For that matter, why can’t they use it for ultra-efficient noninvasive surgery? Just set the transporter to lock on to cells with cancerous DNA markers and beam them out. Narrow-focus the beam onto the appendix or the gall bladder for efficient removal.
Phil Farrand notes in several of his Nitpickers’ Guides that the problem with the transporter is that it’s too useful. In order to maintain some degree of suspense the characters have to develop situational stupidity and forget that the transporter can help solve the problem. Why should the characters make midnight raids on enemy prison camps (DS9, in several eps) when they can simply sneak into orbit above the camp and beam out their targets?

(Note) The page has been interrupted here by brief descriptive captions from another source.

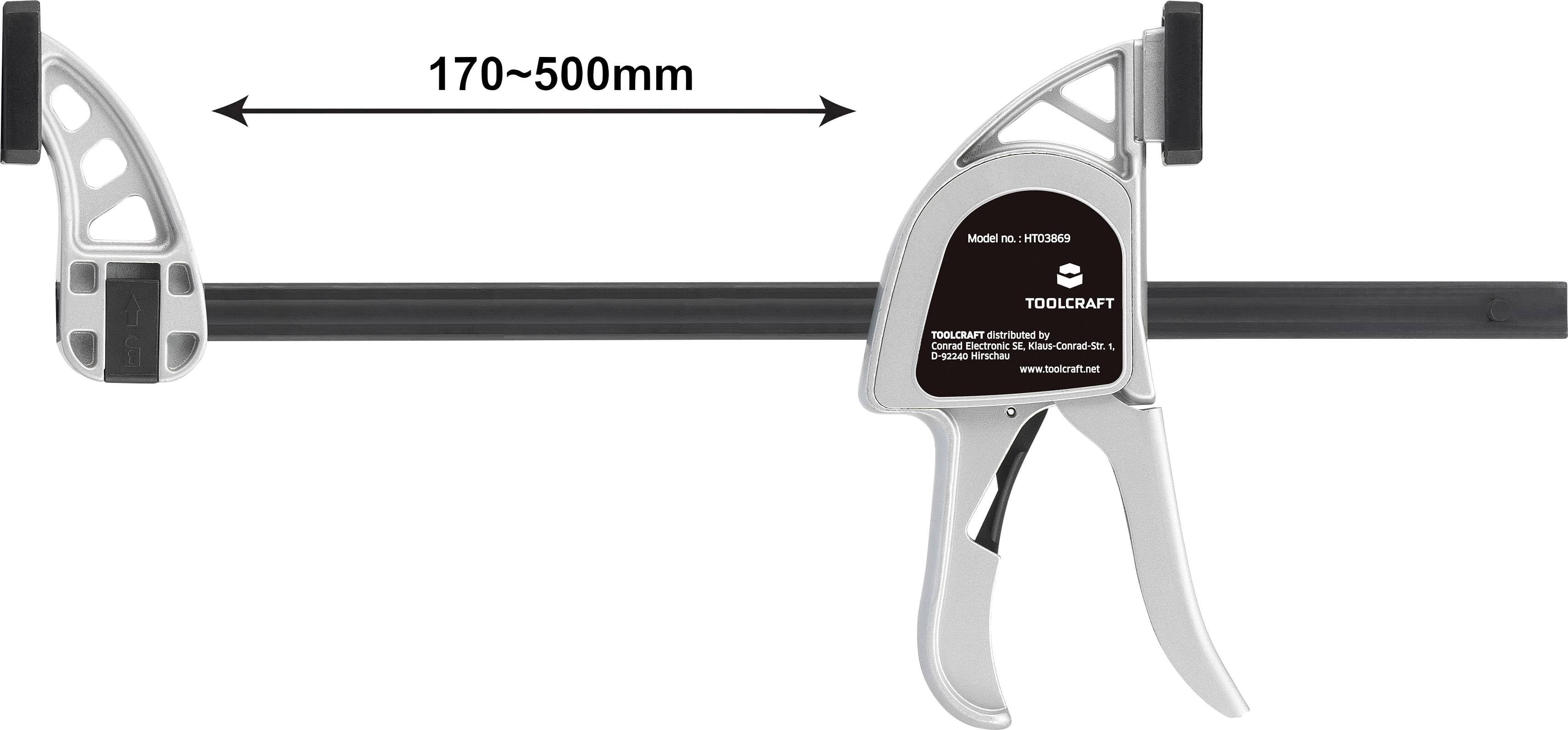 'Werkzeug-F-Zwinge von Toolcraft, Spannweite 170-500 mm, ermöglicht schnelles und präzises Fixieren von Werkstücken.'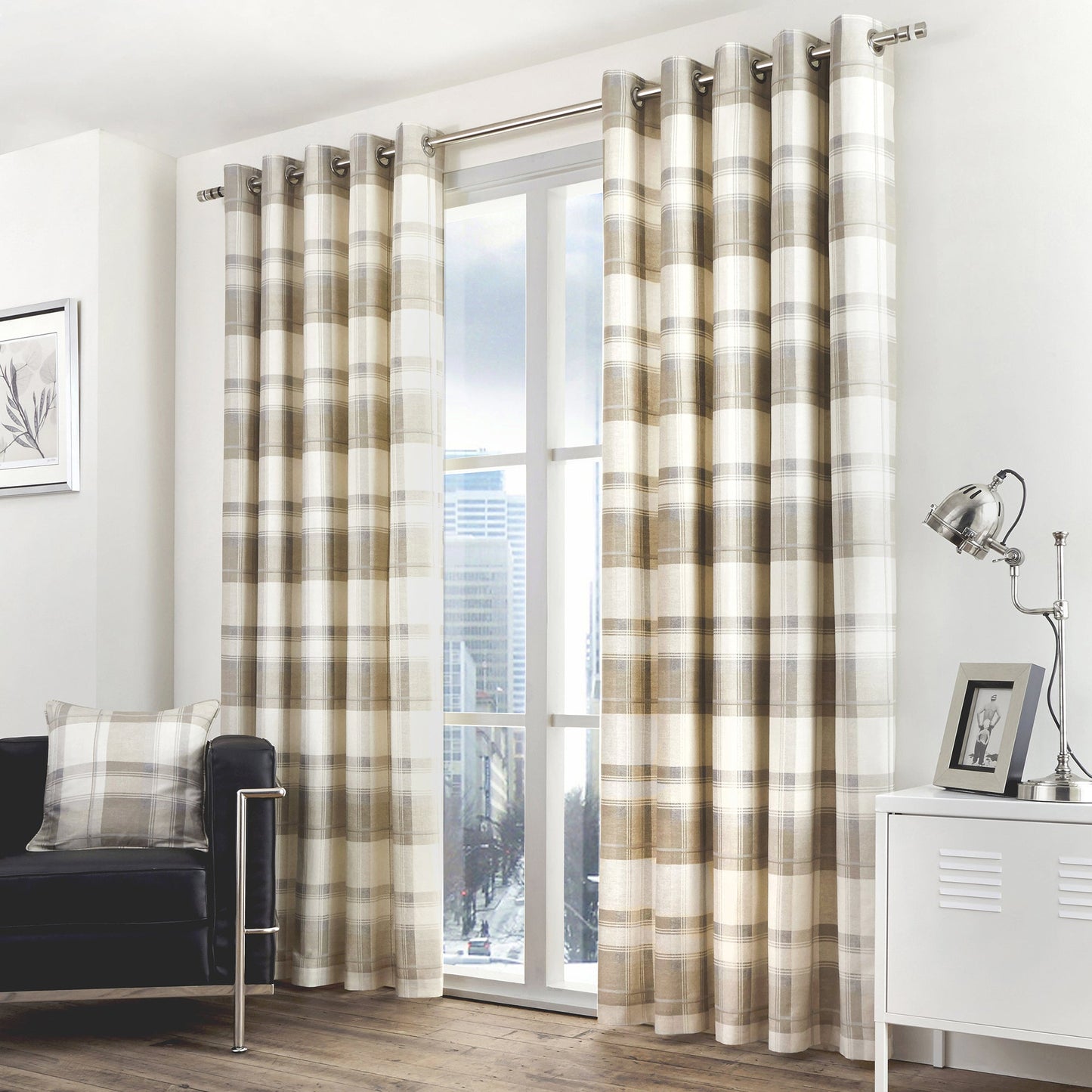 Fusion Balmoral Natural Check Curtains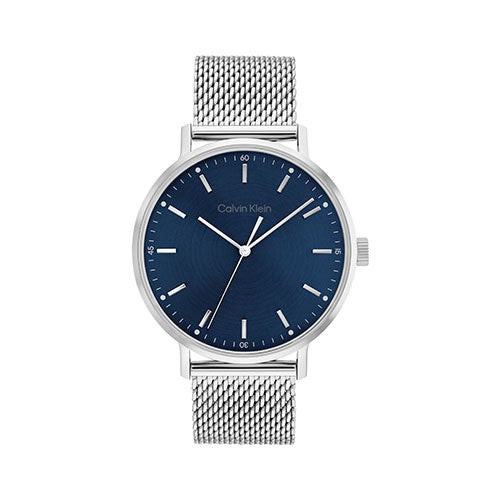 Mens Quartz Silver-Tone Stainless Steel Mesh Watch Blue Dial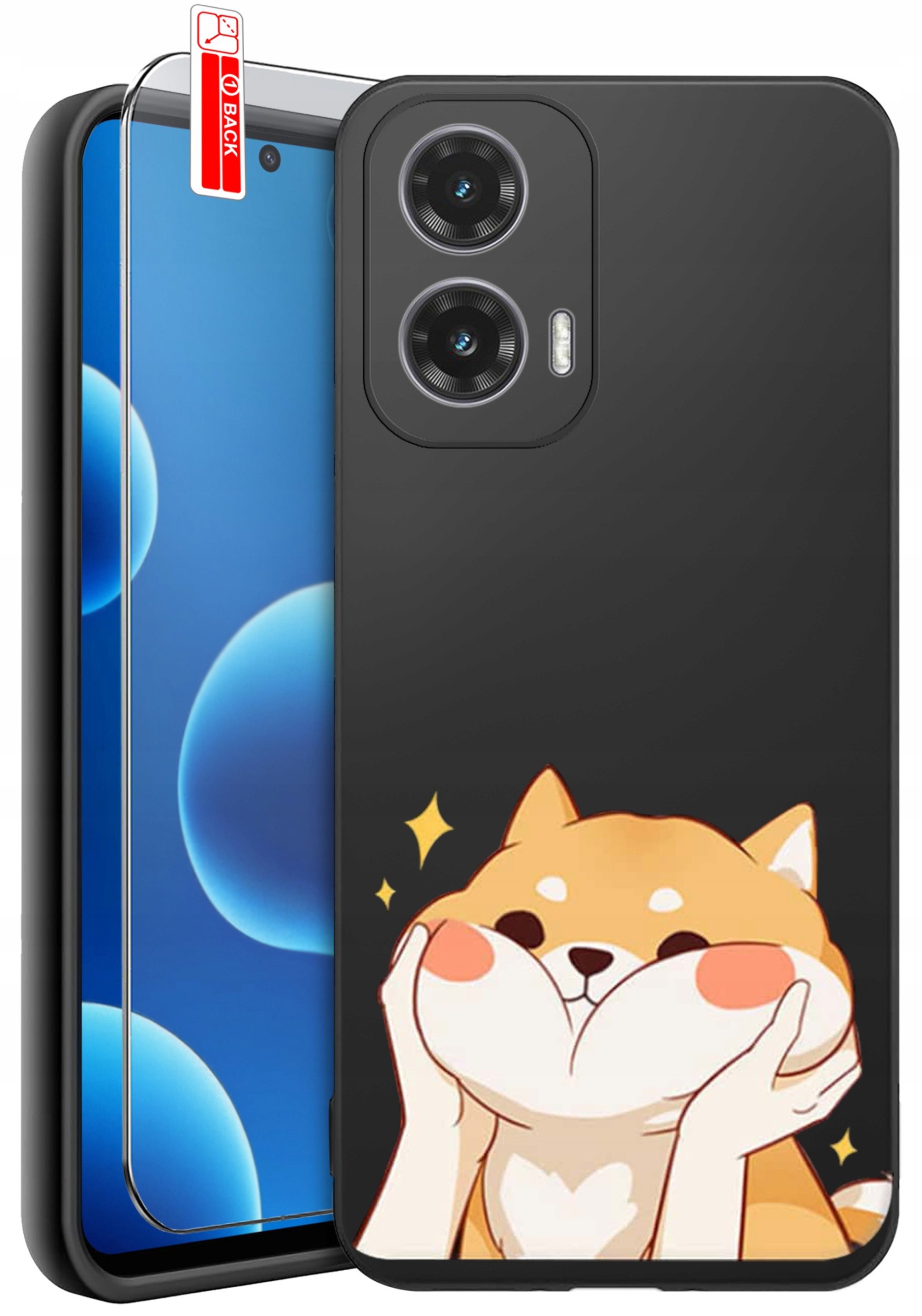 ETUI do Motorola Moto G45 5G | WZORY | SILIKONOWE MATT CASE + SZKŁO 9H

[quotr]Why should the characters make midnight raids on enemy prison camps (DS9, in several eps) when they can simply sneak into orbit above the camp and beam out their targets?
Transport inhibitors as seen in Insurrection.
In all fairness, that would match the force exerted by the comet in an episode whose title escapes me.
And whats-his-name from Firefly and the gun requiring air around it.
And to be doubly nitpicky, that should really be survival until the individual reproduces. Salmon and (male) praying mantises are examples of creatures who die right after reproducing, there are lots more.
This was significant in Balance of Terror, which introduced the Romulans. Kirk radioed StarFleet for guidance when they first ran across evidence of the Romulan attack, and got the answer of “use your judgement” when it was all over.
The big flaw in that show was that it was claimed that humans fought a war with the Romulans 100 years ago in primitve ships with no video - so this must have been before Enterprise (which doesn’t work, either.)
As for why no TV - exactly which station are you going to watch out there?
There was an auxiliary bridge on Enterprise-A class ships. Kirk spent most of his time on the one on the Exeter(?) in The Doomsday Machine, because the main bridge was open to space and not habitable.
We’ll have to take that as “no video communication between ships was used”,(Enterprise NX 01 had no video com with the Rommies) due someone forgetting to renew their poetic license.